Desde hace un año el propietario me dijo que habría que revisar el precio del alquiler (yo pagaba el equivalente a 30 euros al mes, lo que supone 4 días del salario de un obrero). Le dije que en primer lugar necesitaba los recibos que él se negaba a darme desde hacía mucho tiempo. Más tarde, indirectamente (por los vecinos) me hizo saber que los talleres del barrio, valen al menos tres o incluso cinco veces el precio que yo pagaba. Marrakech, como otras ciudades en Marruecos, conocen una inflación enorme en los precios inmobiliarios; los terrenos, los apartamentos, los comercios se negocian a precios exorbitantes, equivalentes a los de las grandes ciudades europeas. Y otros precios suben, es el precio por la afluencia de turistas. Pero los beneficios de esta industria turística están muy mal repartidos…

Sin noticias del propietario durante meses. Luego, en octubre, me dijo que tenía necesidad del taller para él, que rescindía el contrato pero nos daba el tiempo que quisiéramos. Todo está a nombre de Gaby. Para oponerme al desalojo me hacía falta al menos una procuración de Gaby y gestiones administrativas – Paul François sabe mucho de esto – que se parecen a un laberinto sin fin. ¿Puedo lanzarme a eso?  Además, esta decisión del propietario no me cae demasiado mal: en los próximos meses tendré otras ocupaciones “fuera de la forja” (viajes, entre ellos al Camerún, para preparar el Capítulo, además de un servicio en el Consejo de religiosos de la diócesis, con preparación de la reunión de superiores mayores) Así pues, debido a esto, el 24 de noviembre, Paul-François y yo devolvimos las llaves del “taller de Gaby”.
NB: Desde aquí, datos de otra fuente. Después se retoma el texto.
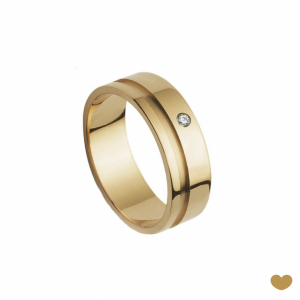 Aliança Passion Gold 19.2k - 7 mm 1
Paul François durante el reciente Capítulo

Con anterioridad, pude apreciar cómo Gaby se había insertado en este barrio. Todos los vecinos criticaban la decisión del propietario no por razones de contrato, de dinero o de derecho, sino que simplemente decían: “No tiene derecho de hacer eso: es el taller de Gaby”. Hay un recuerdo, memoria (en el sentido bíblico) de un hombre de bien, y eso no se debe tocar. Uno de los mejores amigos de Gaby, herrero competente, ha recuperado los planos, los modelos, los diseños, la forja, algunas máquinas ya antiguas. Otro amigo, un poco más joven que acaba de empezar por cuenta propia, vino a buscar las existencias, un gran torno... Un tercero, artesano francés instalado en Marrakech, quiso el yunque, herramientas y sobre todo una reserva de remaches importados de Francia hace ya mucho tiempo. Los niños se ocuparon de la chatarra. En una tarde se vació el taller. Yo había pensado en guardar algunas herramientas, por si acaso… pero todo se fue…

Con el cierre de este taller, la fraternidad ha perdido un lugar de inserción extraordinario. Por una parte, es un lugar donde se ha vivido un compartir de vida, una forma de presencia discreta que es nuestra vocación, una gran solidaridad en el trabajo, aunque nunca he conseguido seguir los horarios demenciales de los artesanos marroquíes (12 horas al día, algunos los 7 días de la semana); me gustaba mucho trabajar en la acera, cercano a los vecinos (atento a las chispas de la afiladora) y a pesar de mi dificultad para participar en las permanentes discusiones; y trabajar como ellos (no he aprendido de otra manera) teniendo en una mano la pieza a soldar, en la otra la pinza con la varilla y un pedazo de pantalla en la nariz. Así es como comprobé que se puede tener una insolación trabajando en soldadura…

Este taller, también quiere decir una identidad: soy “soldador”; no soy un turista ni vivo de mis rentas, como la gran mayoría de los europeos que viven en Marrakech. Esta identidad facilita las relaciones, en todo caso en el barrio. Otra ventaja: que nadie de los que allí trabajaron presentó nunca problema alguno; he podido trabajar con Gaby durante años (sin formalidades administrativas).

Muchas cosas se mueven en la fraternidad de Marrakech, y habrá que esperar un poco para saber de qué lado nos llevará el Espíritu.